Time Processing and Watermarks using Google Pub\Sub and Google DataFlow.
Submitted by Swapnil Dubey (@swapnildubey) on Thursday, 29 June 2017
Crisp talk for data engineering track
In this talk, we will be discussing about the watermark ingestion pattern of doing realtime analytics using Google Cloud Platform. Talk will primary cover the use case of intermittant data ingestion in a system(for example: a system ingesting data going offline frequently) and how to perform Real Time Analytics using GCP as platform.
- What is Google Pub/sub?
- What is Dataflow(Apache Beam)?
- What is Watermarking?
- How to implement the watermark pattern using Google Pub/Sub and Dataflow?

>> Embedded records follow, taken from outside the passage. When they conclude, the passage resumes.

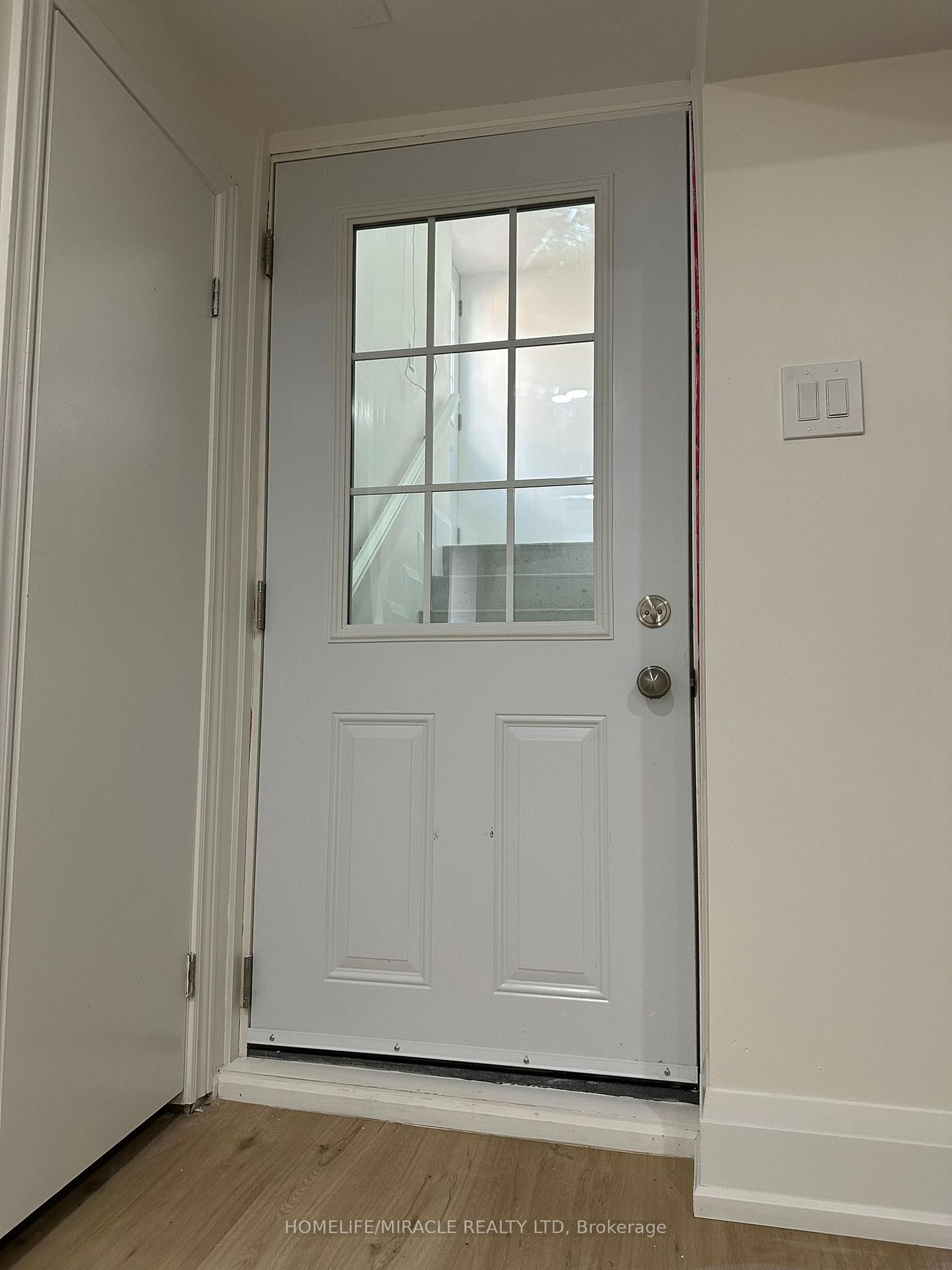 Photo 10 of 11 Cresswell Drive, Brampton, Fletcher's West — HOMEH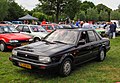 Nissan Bluebird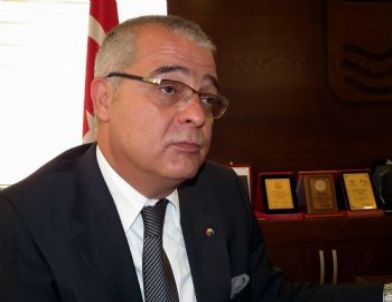 KOSGEB Bilgilendirme Toplantısı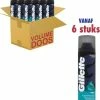 Kopen 💯 Gillette Gevoelige Huid - Voordeelverpakking 6x200ml - Scheergel 🌟 -Oral-B Shop 550x609 3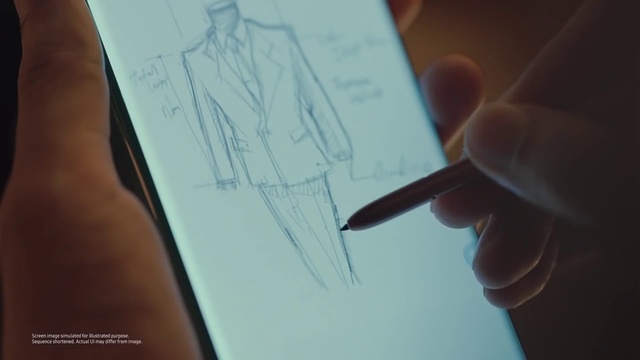 Video Reference: Automotive design, Gesture, Finger, Thumb, Material property, Art, Font, Office supplies, Writing, Nail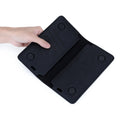 Housse passeport RFID Nomadly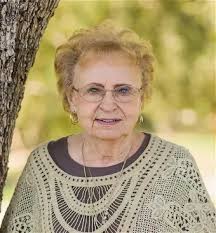 Obituary information for Darlene Bertha Raszler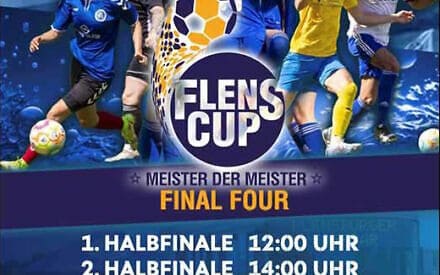 Flens-Cup Vorschau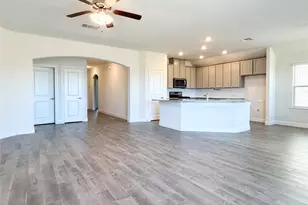 10809 Table Bluff St, Aubrey, TX 76227 - Photo 8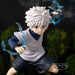 HUNTER x HUNTER - FIGURINE KILLUA VIBRATION STARS JAPANDCO 2c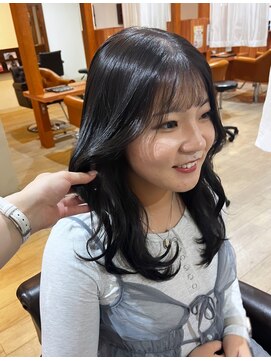 ソワン ドゥ ブレス エルネ 立花店(soin de brace elne) ash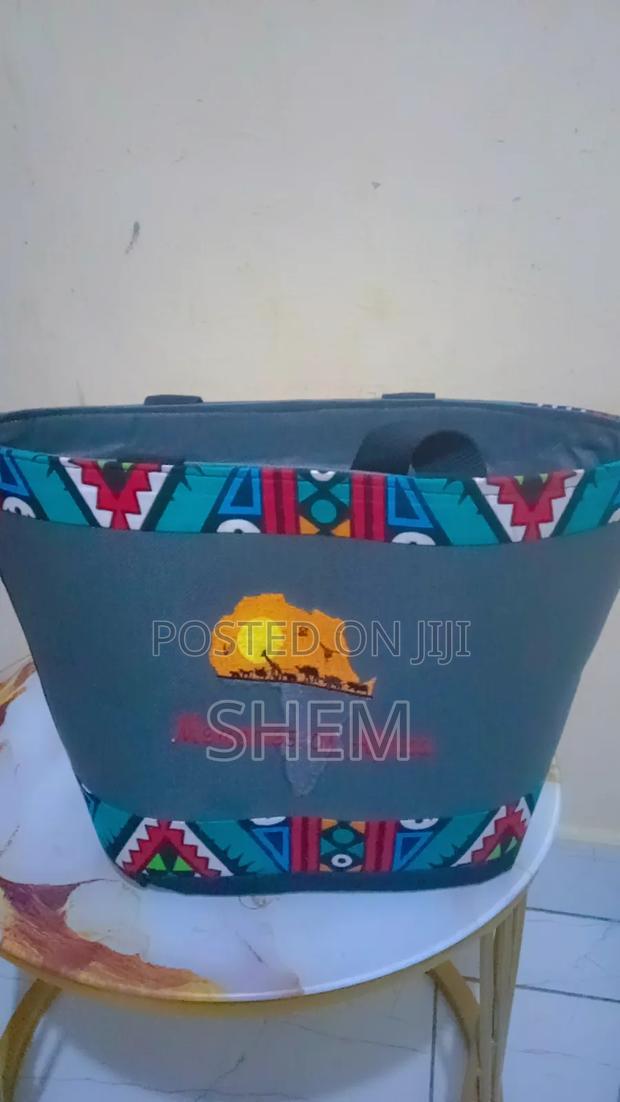 African Made Handbags - thumbnail 6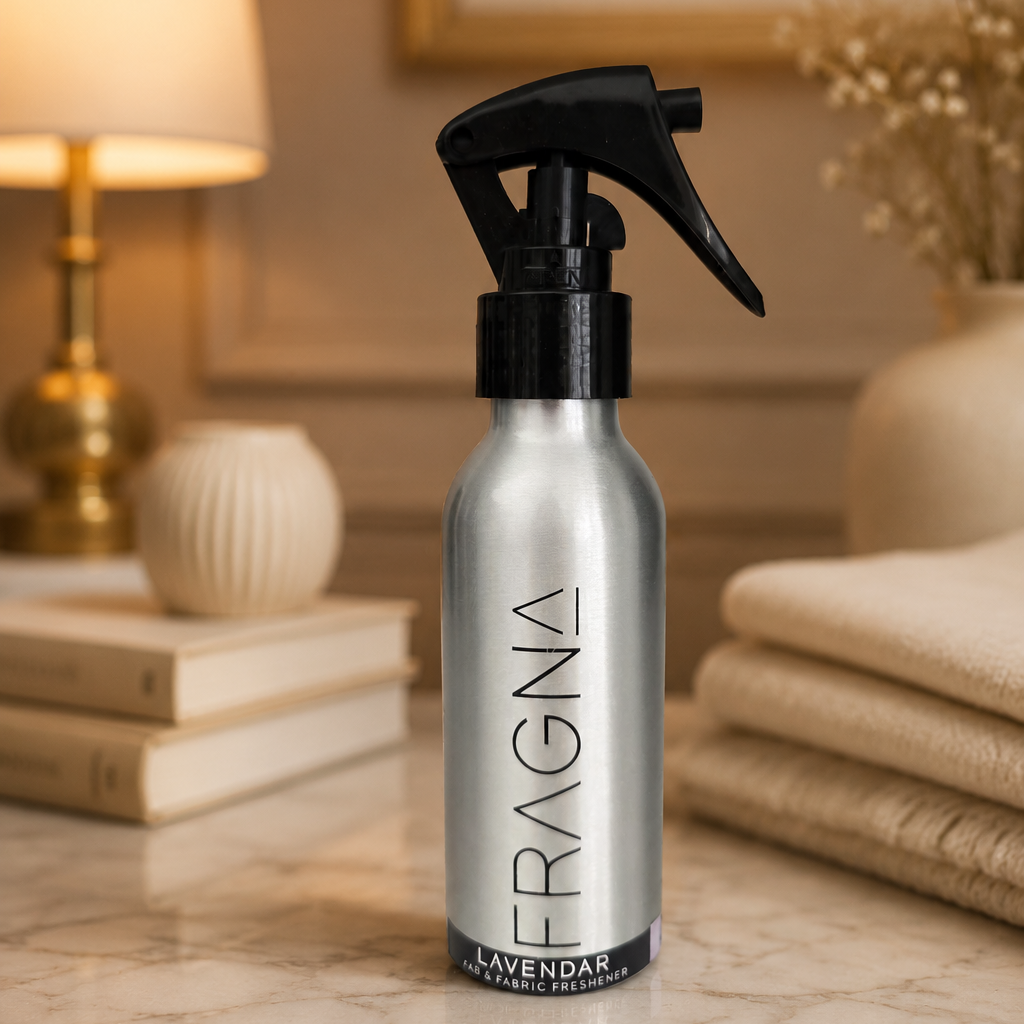 Fabric and Air Freshener 150ml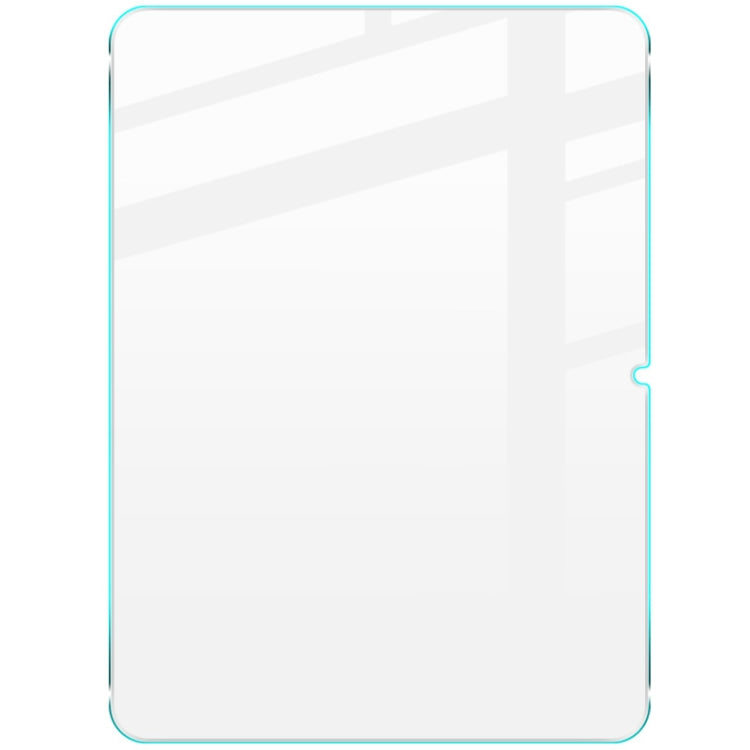 For OPPO Pad Air2 / Pad Neo imak H Series Full Screen Tempered Glass Film - OPPO Tempered Glass by imak | Online Shopping UK | buy2fix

Swapnil Dubey has close to 8.5 years of work experience and is currently working as Data Engineer at Schlumberger. Prior to Schlumberger, he was working as Lead Engineer Big Data at Snapdeal in realtime data anlytics team.
He is a Certified Developer for Spark(Datastax) ,Cloudera Certified Hadoop developer, Cloudera Certified Hadoop Administrator and Cloudera Certified Hbase Specialist. In past, he has worked as Certified Cloudera Trainer in India.
He has worked on several projects in the BFSI,Ad serving and e commerce domains. He has worked extensively in the data quality domain using Hadoop,Spark and Kafka as the primary technology. He has an inclination to open source technologies and likes to explore/delve into new framework.